Grund: Viele Mietverträge enthalten mittlerweile eine Staffelmiete, in welcher mindestens die Inflation ausgeglichen werden soll.
Glück haben Vermieter, deren Wohnungen nach 2014 neu gebaut oder kernsaniert worden sind. Diese Wohnungen sind von dem Berliner aktuellen Mietpreisdeckel nicht betroffen.
Zudem bleibt es generell so, dass Modernisierungen Mieterhöhungen zulässig machen. Allerdings schreibt das Gesetz vor, dass vor einer Modernisierung die jeweils zuständigen Bezirksämter um Erlaubnis zu fragen sind. Ansonsten werden Mietpreiserhöhungen unzulässig.
►Dürfen Mieter ihre Miete selbst senken?
Die Antwort lautet Ja und Nein: So sagen einige, wonach betroffene Mieter selbst eine Mietsenkung vornehmen dürften. Das heißt, dass Mieter ihre Miete auf den Stand vom 18. Juni 2019 absenken dürften.
Grund: Die Berliner neue Miethöhenregel gelte im Rahmen eines «Verbotsgesetzes». Eine selbständige Mietsenkung sei also zulässig. Es werde jedoch empfohlen, den Vermieter vor einer Mietpreissenkung in einem Brief darüber zu informieren und die Gründe anzuführen.
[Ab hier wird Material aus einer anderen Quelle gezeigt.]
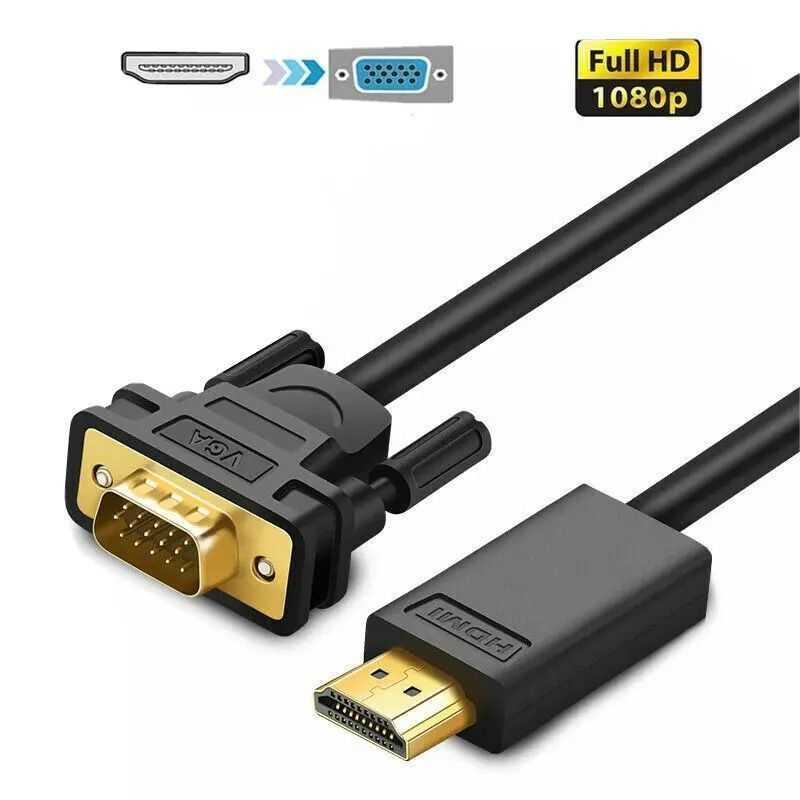 HDMI to VGA Cable HD-15 D-SUB Video Adapter Cord For PC Monitor Game HDTV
Gegner dieser Ansicht, wie der Fachanwalt Tobias Scheidacker, erklärten in der BZ, man sehe das Spiel andersherum:
Demnach müsse der Mieter «weiter die unreduzierte Miete überweisen». Der Vermieter wiederum müsse die zu viel erhaltene Miete freiwillig an seinen Mieter zurücküberweisen. Dies solle er aber lediglich unter Vorbehalt tun. So könne es durchaus sein, dass das Berliner Bundesverfassungsgericht die Mietpreisbremse wieder kippe. Dies zeige, dass es derzeit einfach noch keine Rechtssicherheit gebe.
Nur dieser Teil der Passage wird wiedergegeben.